Integral of product of two Bernoulli polynomials I found formula of integral of product of two Bernoulli polynomial in Takashi Agoh & Karl Dilcher (http://www.sciencedirect.com/science/article/pii/S0022247X1100312X)
$\int_{0}^{1}B_k(t)B_m(t)dt=(-1)^{k-1}\frac{k!m!}{(k+m)!}B_{k+m}$
valid for $k+m\geq2$
where $B_k(t)$ and $B_m(t)$ are Bernoulli polynomials and $B_{k+m}$ is Bernoulli number
why it was valid just for $k+m\geq2$ not for $k+m<2$? 
Thanks for any helps
 A: Hint: try it for $k = 0, m = 1$.
As for "why didn't the proof work in this situation?", it's probably an inductive proof, and the base cases are probably $(m, k) = (2,0), (1,1)$ and $(0, 2)$. Sometimes that happens.  
Also: your formula, as written, doesn't quite make sense -- on the left you have a number, a definite integral; on the right, you have a function $B_{k+m}$. (Resolved: According to the comments, the same symbol is used for the name of the function as for its value at $x = 0$. Sigh.
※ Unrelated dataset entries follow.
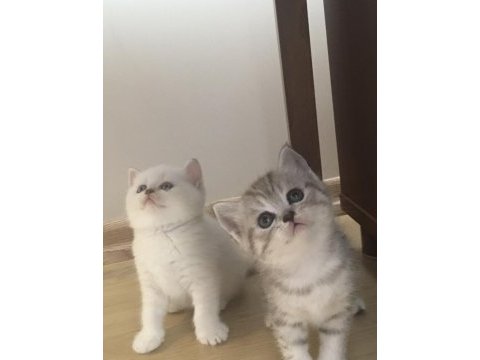 Safkan kaliteli güzel karakterli şivava bebekler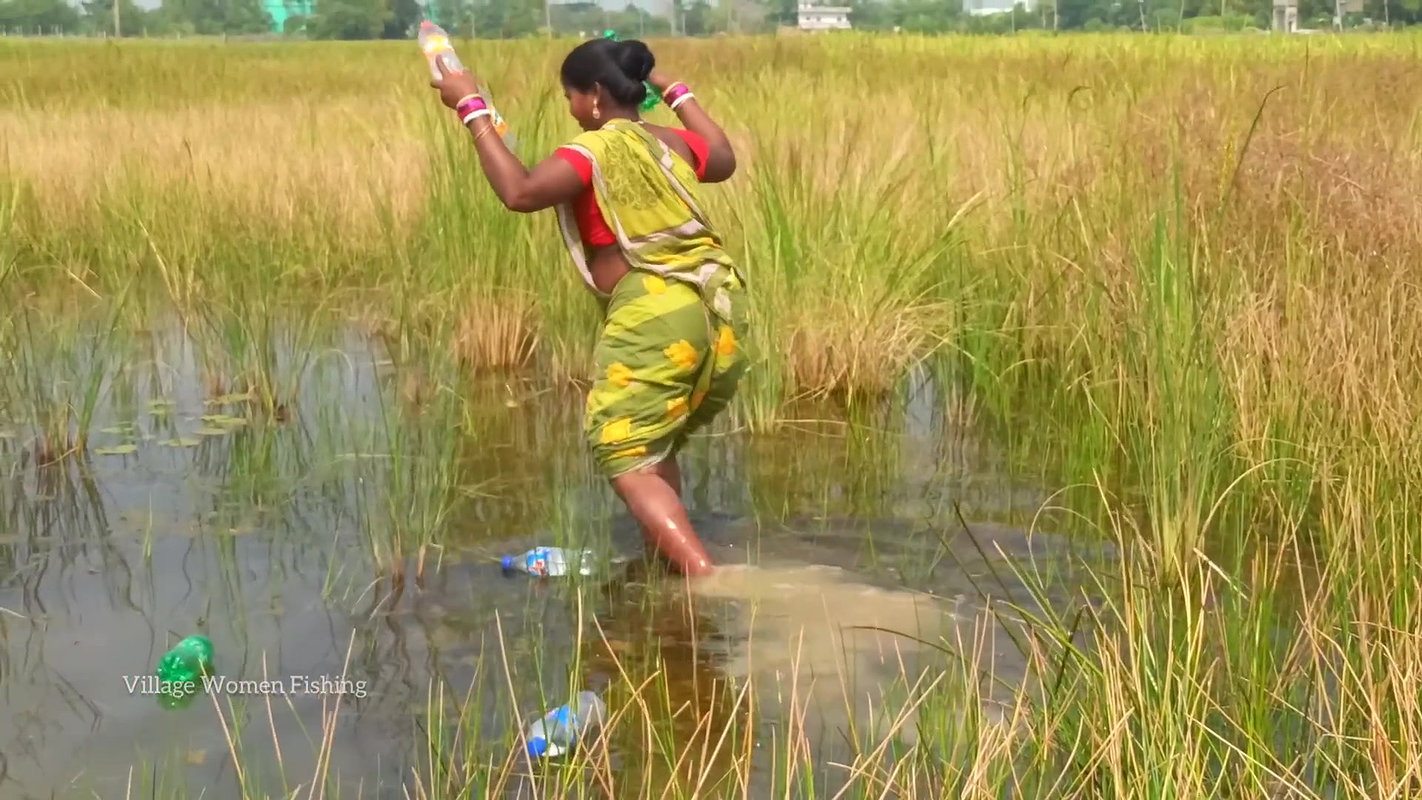 Amazing Village Women Catching Snakehead Fish with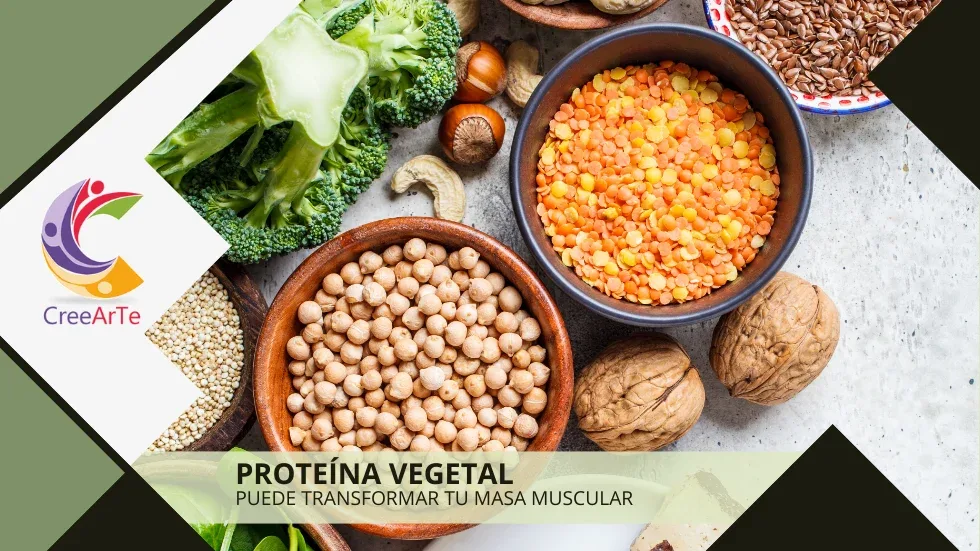 Variedad de alimentos ricos en proteínas vegetales, incluyendo brócoli, garbanzos, lentejas, nueces y semillas. Banner promocional sobre los beneficios de la proteína vegetal por CreeArTe.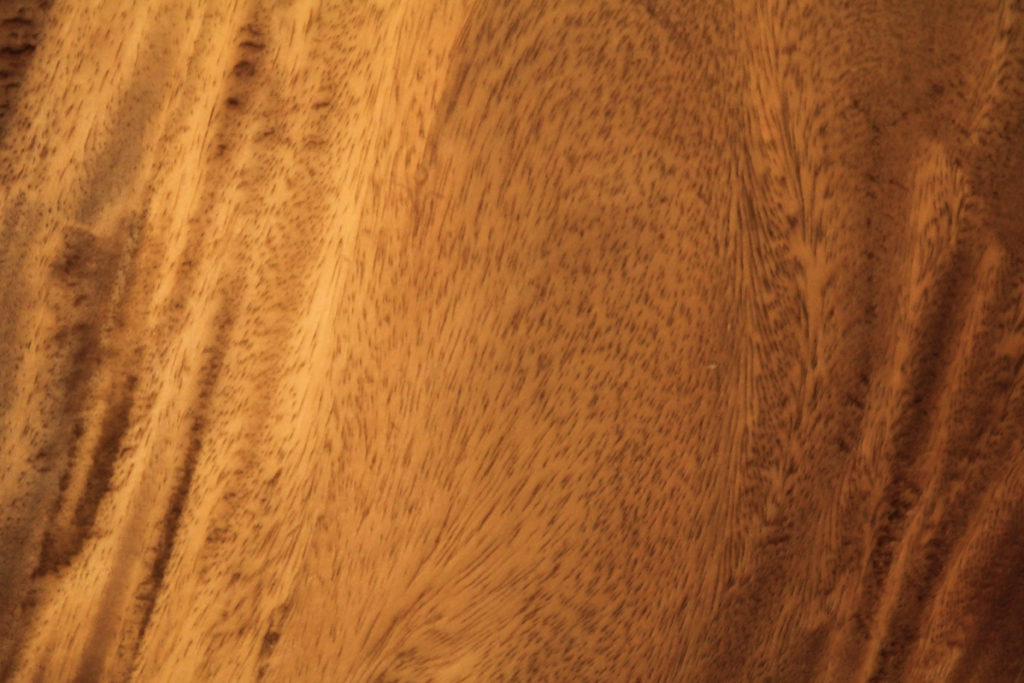 Kempas wood texture close-up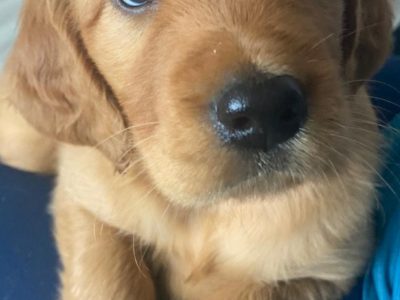 Golden Irish Puppies for Sale in Waterford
God help the programmer who has to write a program to handle this...)
OK, I'll do the case $k = 0, m = 1$. In this case, $B_k = 1$ and $B_m(x) = x - \frac{1}{2}$. $B_{m+k} = B_{m+k}(0) = B_1(0) = -\frac{1}{2}$. 
Now let's compute:
\begin{align}
\int_0^1 B_0(t) B_1(t) ~ dt &= \int_0^1 1 \cdot (x - \frac{1}{2})~dt \\
 &= \int_0^1 x - \frac{1}{2}~dt \\
 &= \left. \frac{x^2}{2} - \frac{x}{2} \right|_0^1 \\
&= 0. 
\end{align}
So...the reason the theorem doesn't work in that case is that $-1/2 \ne 0$. 
Why does the proof work in the other cases? Well, I'm pretty sure you can look up the proof elsewhere; there's not much reason to duplicate it here.